Ce jeudi 4 mars 2021, l’Organisation des pays exportateurs de pétrole (Opep) a tenu une réunion dans un contexte de forte hausse des cours du brut.
A la faveur de cette réunion, l’OPEP a décidé de ne pas changer les quantités d’extractions pétrolières et le niveau des exportations. L’objectif est de faire grimper les prix et ça fonctionne. « Avec le départ de Donald Trump, qui avait pris l’habitude de menacer le cartel du pétrole dès que les prix montaient, la voie est libre. Les prix du baril grimpent en direction des 70$. Il y a une année, le baril flirtait avec les 30$ alors que la Russie et l’Arabie Saoudite avaient coordonné leurs efforts pour faire couler le pétrole de schiste américain « .

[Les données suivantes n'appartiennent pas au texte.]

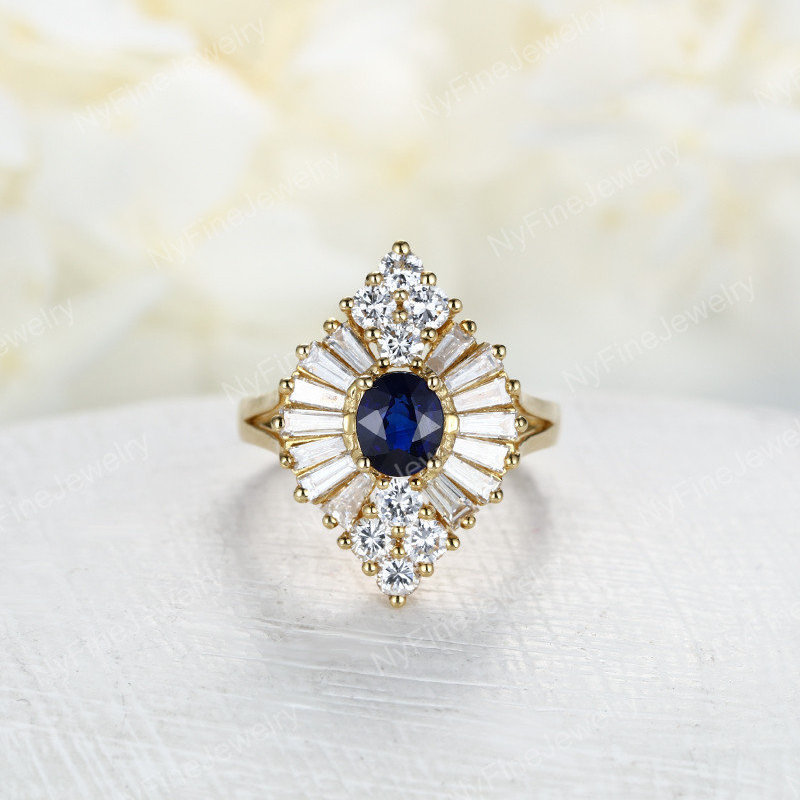 Gold Art Deco Sapphire Engagement Ring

Le ministre russe, Alexander Novak, a commenté : “Nous ne voulons pas un baril à 70$, mais des prix stables. La situation actuelle et bien meilleure qu’à l’automne dernier ” alors que le ministre du pétrole d’Arabie Saoudite, Abdulaziz bin Salman, pense quant à lui que «l‘incertitude qui entoure le rythme de la reprise n’a pas diminué» et on ne peut pas lui donner tort. Il a ajouté, “la grande incertitude est la demande pétrolière.”
L’OPEP pense que la demande de pétrole va augmenter de 2,7 millions b/j au prochain trimestre pour arriver à 97 millions b/j. Pour mémoire, avant le covid, nous en étions à 101 millions b/j. Pour confirmer la tendance, l’Agence Internationale Energie a souligné que les émissions de CO2 grimpent à grande vitesse. La Chine prévoit une croissance de +6% cette année. Si l’on pouvait se demander si le monde allait retourner dans sa surconsommation d’avant le Covid, la réponse est en train de s’écrire.
Cette rencontre s’est déroulée par visioconférence. Elle a vu la participation du ministre gabonais du Pétrole, Vincent de Paul Massassa. Elle a globalement permis aux États de s’accorder sur la décision de procéder uniquement à l’augmentation à la marge de la production d’or noir le mois prochain.